**What to work on**
Without any of its pictures, the listing below should be output exactly.

**Recorded information**
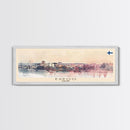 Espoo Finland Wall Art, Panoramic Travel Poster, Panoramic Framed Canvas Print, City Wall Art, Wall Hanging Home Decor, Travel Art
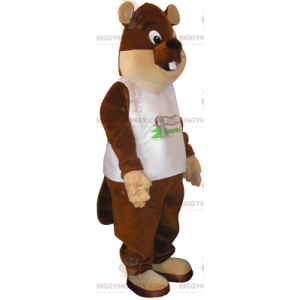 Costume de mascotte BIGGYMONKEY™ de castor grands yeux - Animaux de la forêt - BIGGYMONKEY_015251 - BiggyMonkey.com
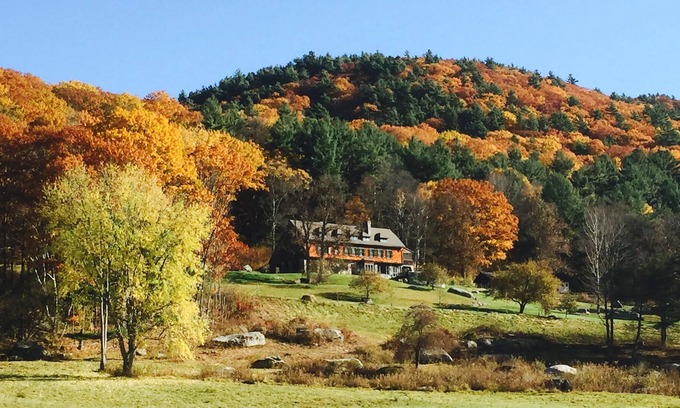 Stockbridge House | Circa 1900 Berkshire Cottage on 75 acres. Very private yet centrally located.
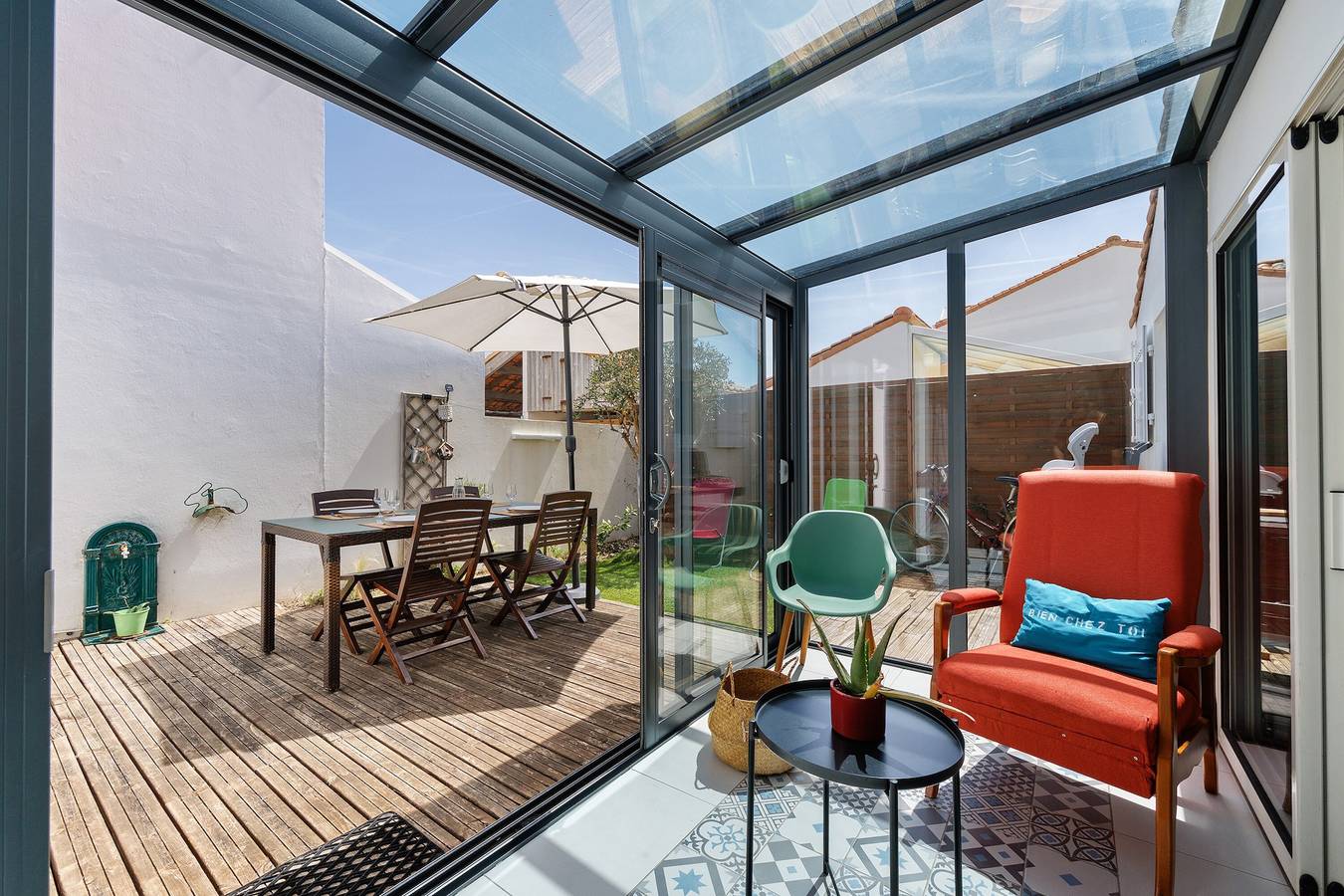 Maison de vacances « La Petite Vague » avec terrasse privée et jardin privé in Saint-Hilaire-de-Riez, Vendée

**Written answer**
 Espoo Finland Wall Art, Panoramic Travel Poster, Panoramic Framed Canvas Print, City Wall Art, Wall Hanging Home Decor, Travel Art
 Costume de mascotte BIGGYMONKEY™ de castor grands yeux - Animaux de la forêt - BIGGYMONKEY_015251 - BiggyMonkey.com
 Stockbridge House | Circa 1900 Berkshire Cottage on 75 acres. Very private yet centrally located.
 Maison de vacances « La Petite Vague » avec terrasse privée et jardin privé in Saint-Hilaire-de-Riez, Vendée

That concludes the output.